#### DATA:
---*---

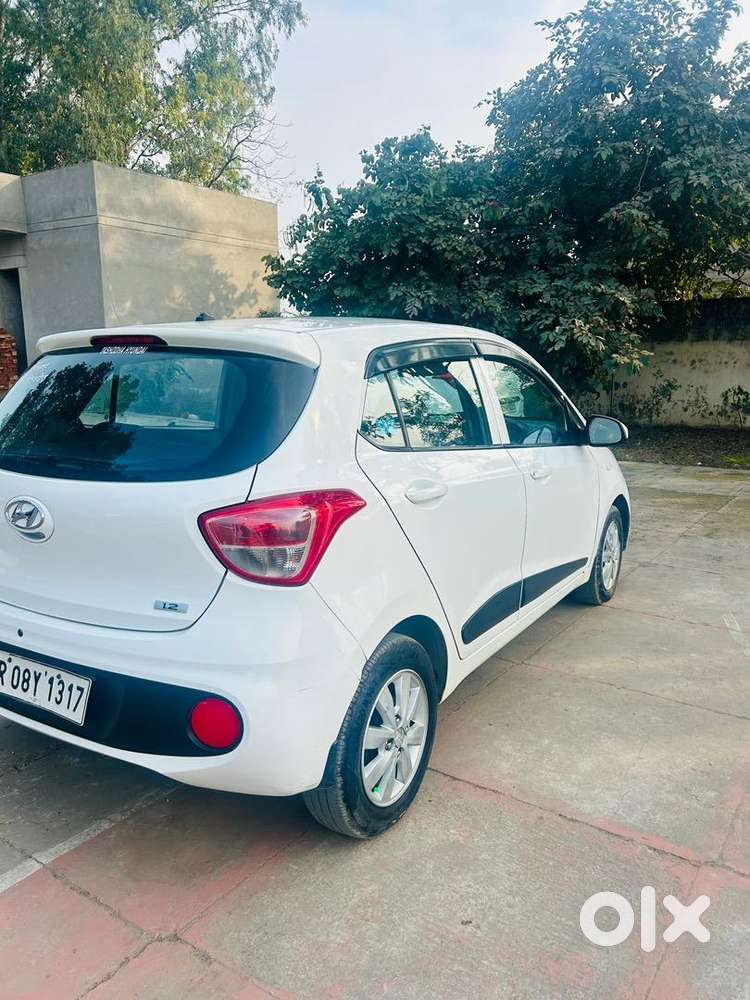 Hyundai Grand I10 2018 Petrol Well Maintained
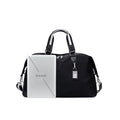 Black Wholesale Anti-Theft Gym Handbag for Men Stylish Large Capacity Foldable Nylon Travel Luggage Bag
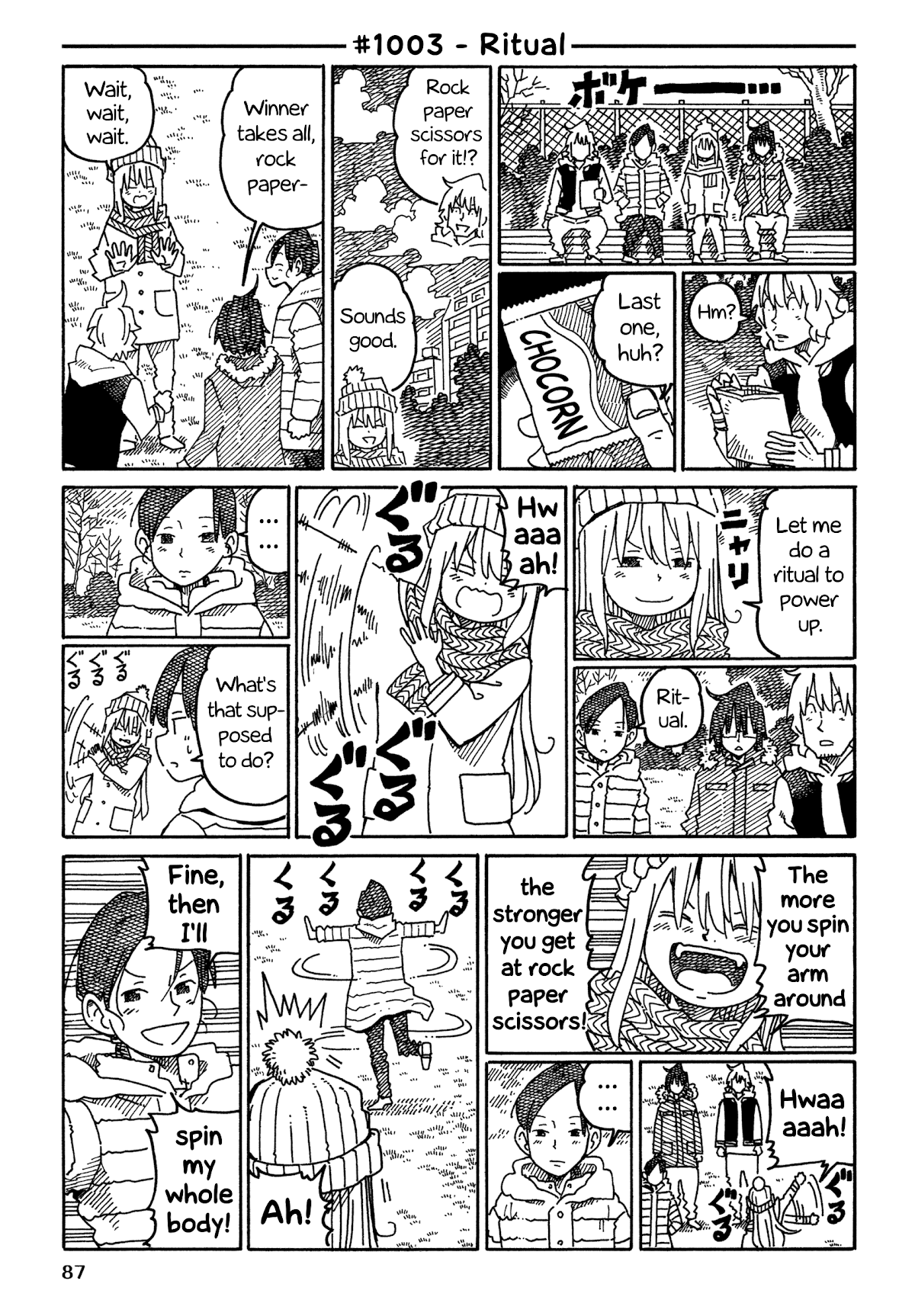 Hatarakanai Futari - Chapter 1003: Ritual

---*---

#### PROBLEM DETAILS:
From the line containing "Black Wholesale Anti-Theft" down to the final line of the material above, reproduce each line exactly and include no images.

#### ANSWER TO THE EXERCISE:
 Black Wholesale Anti-Theft Gym Handbag for Men Stylish Large Capacity Foldable Nylon Travel Luggage Bag
 Hatarakanai Futari - Chapter 1003: Ritual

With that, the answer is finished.